The plug (whether balled or not) is then administered to the animal. Where the animal, such as a dog, has a high gulp reflex, the animal will tend to swallow the plug and medication/supplement in whole without chewing. The tackiness without stickiness of the plug facilitates this response.

From this description of the method, it should be appreciated that the final composition should have the tackiness to adhere to itself sufficiently so that the composition doe not come apart in the animal's mouth yet not be so sticky as to adhere to the human skin when being molded about the unit dosage. Moreover, it is desired that the layer of composition that covers the unit dosage be about 1/16th inch to ¼th inch in thickness.

D. Combination Product

The present invention further contemplated a product in the form of a medication/supplement that is encapsulated according to one of the methods described above using a coating of a compound as described above. Here, the product comprises a dosage of a compound selected from a group consisting of medications and food supplements, and a coating substantially enclosing said dosage wherein said coating includes: (1) water as a carrier solvent; (2) at least one hydrogenated oil; (3) at least one emulsifier; and (4) a preservative.

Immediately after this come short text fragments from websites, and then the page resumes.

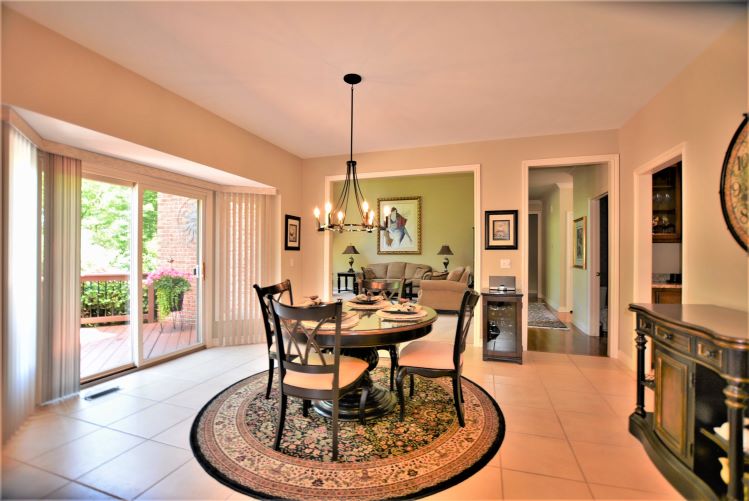 13507 Maple Lawn in Birchfield Subdivision, Shelby Twp Kitchen Eating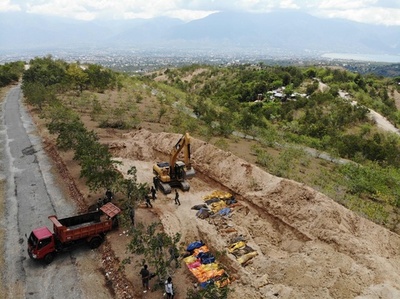スラウェシ島地震の死者1234人に、警察は略奪取り締まりで35人逮捕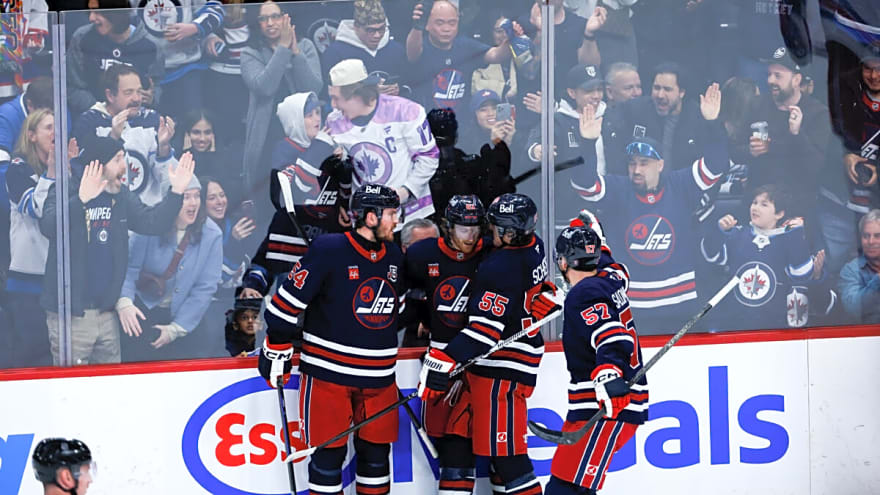 Winnipeg Jets Expected to Stay the Course, Target Secondary Moves to Return to Playoffs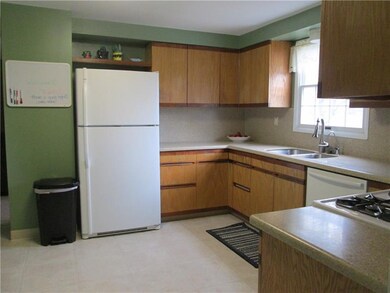 363 Carmell Dr, Pittsburgh, PA 15241 - photo 7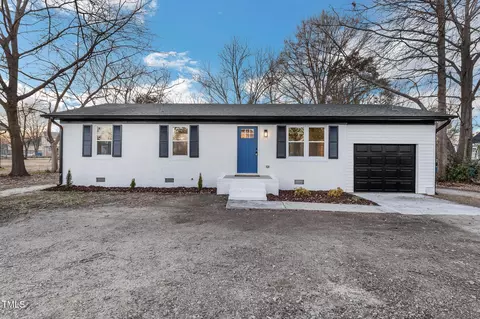 106 Spring Branch Rd, Dunn, NC 28334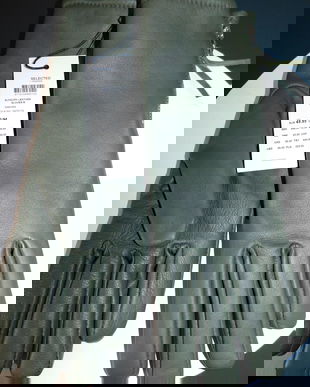 Manusi noi , etichete atasate , piele naturala ,  S/M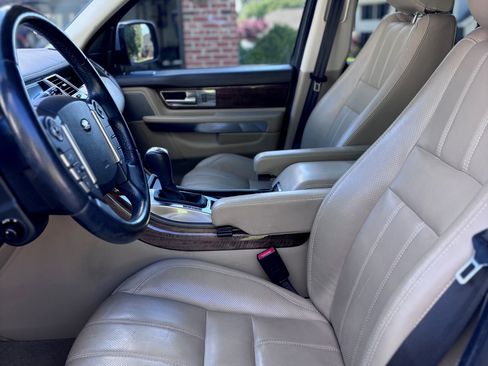 Used 2013 Land Rover Range Rover Sport HSE LUX w/ HSE Luxury Silver Pkg AWD/4WD image 12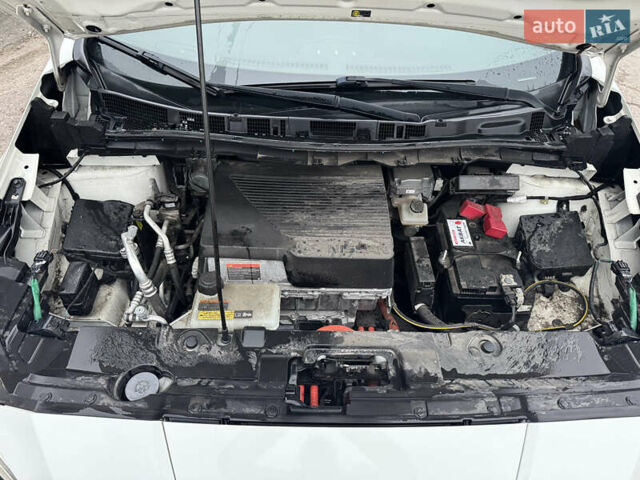 Белый Ниссан Лиф, объемом двигателя 0 л и пробегом 65 тыс. км за 13200 $, фото 19 на Automoto.ua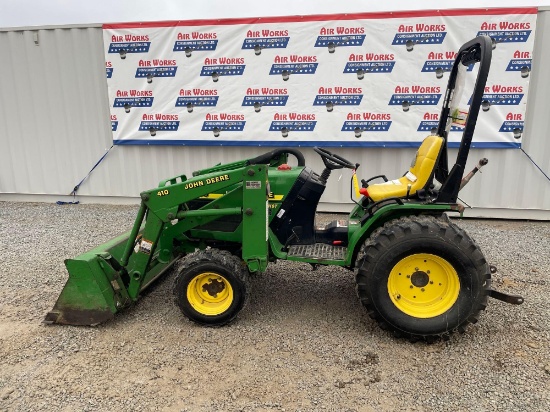 John Deere 4100 Small Tractor - 730hrs - Bucket Included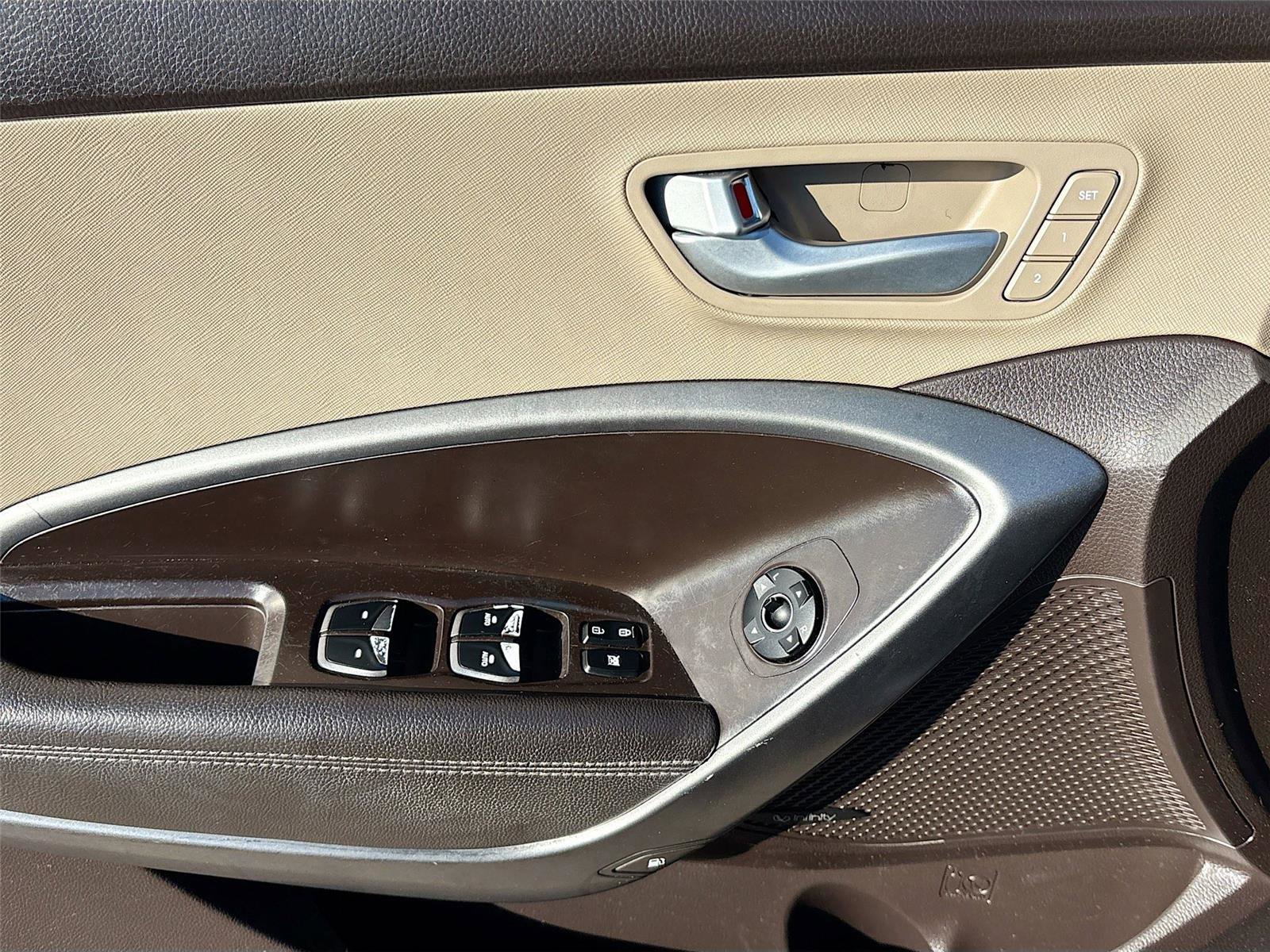 Used 2017 Hyundai Santa Fe Sport image 18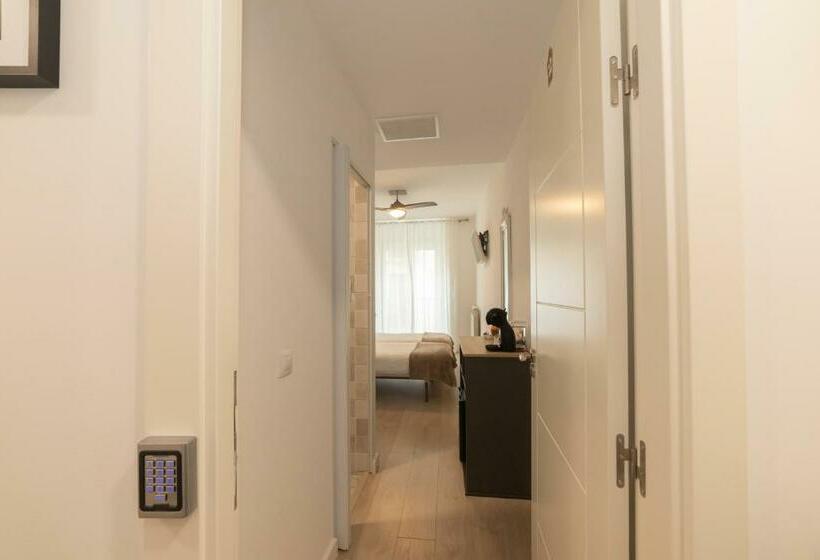 スーペリアールーム, Hostal Puente De Hierro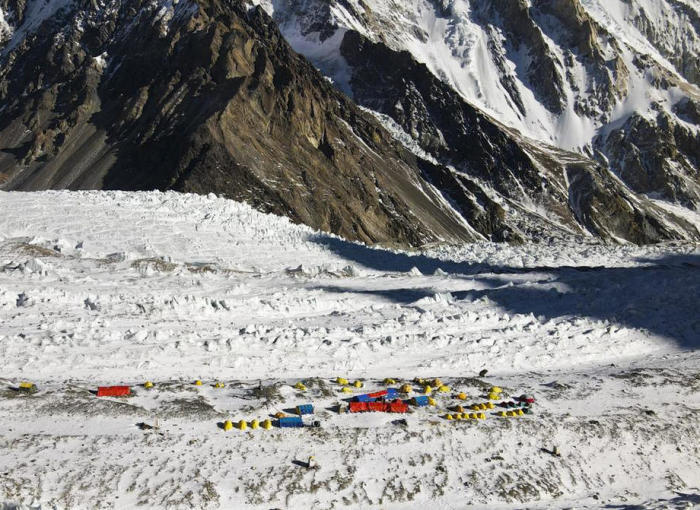 Nepalesisches Team macht erste erfolgreiche Winterbesteigung des K2. Foto: epa/Seven Summit Trek / Handout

The product may further include an anti-caking agent, such as silicon dioxide. The product may include a viscosifier, such as sodium carboxymethylcellulose. The emulsifier may be selected from a group consisting of casein, disodium phosphate, mono-glycerides, and di-glycerides. A binder, such as corn starch, may also be employed, if desired.

E. Addtional Uses

The formulations of the present invention may also be employed as a rodent bait or as a carrier for a rodent poison. When used as a bait, the moldablility of the compound allows it to be bound to the tripping mechanism, for example, of a rodent or other animal trap. Due to its adherence, the target pest cannot easily dislodge the compound without triggering the trap. Alternatively, a poison can be encapsulated by the compound and/or the compound can be used as a carrier for the poison for delivery and ingestion by the pest.

Accordingly, the present invention has been described with some degree of particularity directed to the exemplary embodiments of the present invention. It should be appreciated, though, that the present invention is defined by the following claims construed in light of the prior art so that modifications or changes may be made to the exemplary embodiments of the present invention without departing from the inventive concepts contained herein.